Нагато не оставила тридцатых без поддержки. По курсу и по сторонам падали блок-снаряды, взлетали бело-фиолетовые водяные столбы, перевитые густо-багровыми жилами осажденной взвеси. Глубоко под ногами, отсекая возможную помощь снизу, разрывались боеголовки торпед. Уровень звукового давления снова превзошел порог и чуткие мембраны гидрофонов закрылись.
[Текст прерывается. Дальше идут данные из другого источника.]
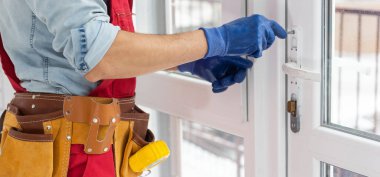 Bir çerçeve eve plastik montajı, inşaatçı bir tornavidayla pencere çerçevesini yamaçlara vidalar. yakın plan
Глухие подводные удары отзывались мелкой дрожью коньков. Марка тридцать — просто значок на карте. Вода здесь ничем не отличается от воды в миле к северу или к западу. Разве что — взвесь девяносто два. Воздух — семьдесят! Восьмая вспомнила, как заучивала в Школе: “Семь-десят — радиоволны висят”...
— ATTACK! FREE FIRE!
Ход полный! Вокруг черные туши, явно не успевшие опомниться от спец-заряда; и девятка летит прямо по хребтам оглушенных гвардейцев, рубя и полосуя на оба борта. Тенрю с налету перепилила корпусом половину штабных и теперь изо всех стволов расстреливает демона-симбионта — пока не отошла от шока его хозяйка, она же повелительница стаи.
Очнувшийся гвардеец всеми десятью щупальцами вцепляется в Третью. Четвертая расстреливает кальмара — ее саму пробивает насквозь шипом твари-богомола. Восьмая располовинивает шипастую тварь, отмахивается от попытки цапнуть за коньки. Седьмая пробует подхватить Четверку на руки — но тело уже разлетелось в брызги: демон-”они” выстрелил с пяти шагов, пробив корпус “Тенрю” насквозь. Первая и Вторая, визжа от страха и ярости, полосуют демона в упор; всплывший гвардеец отхватывает правую металлорезку Первой — вместе с рукой!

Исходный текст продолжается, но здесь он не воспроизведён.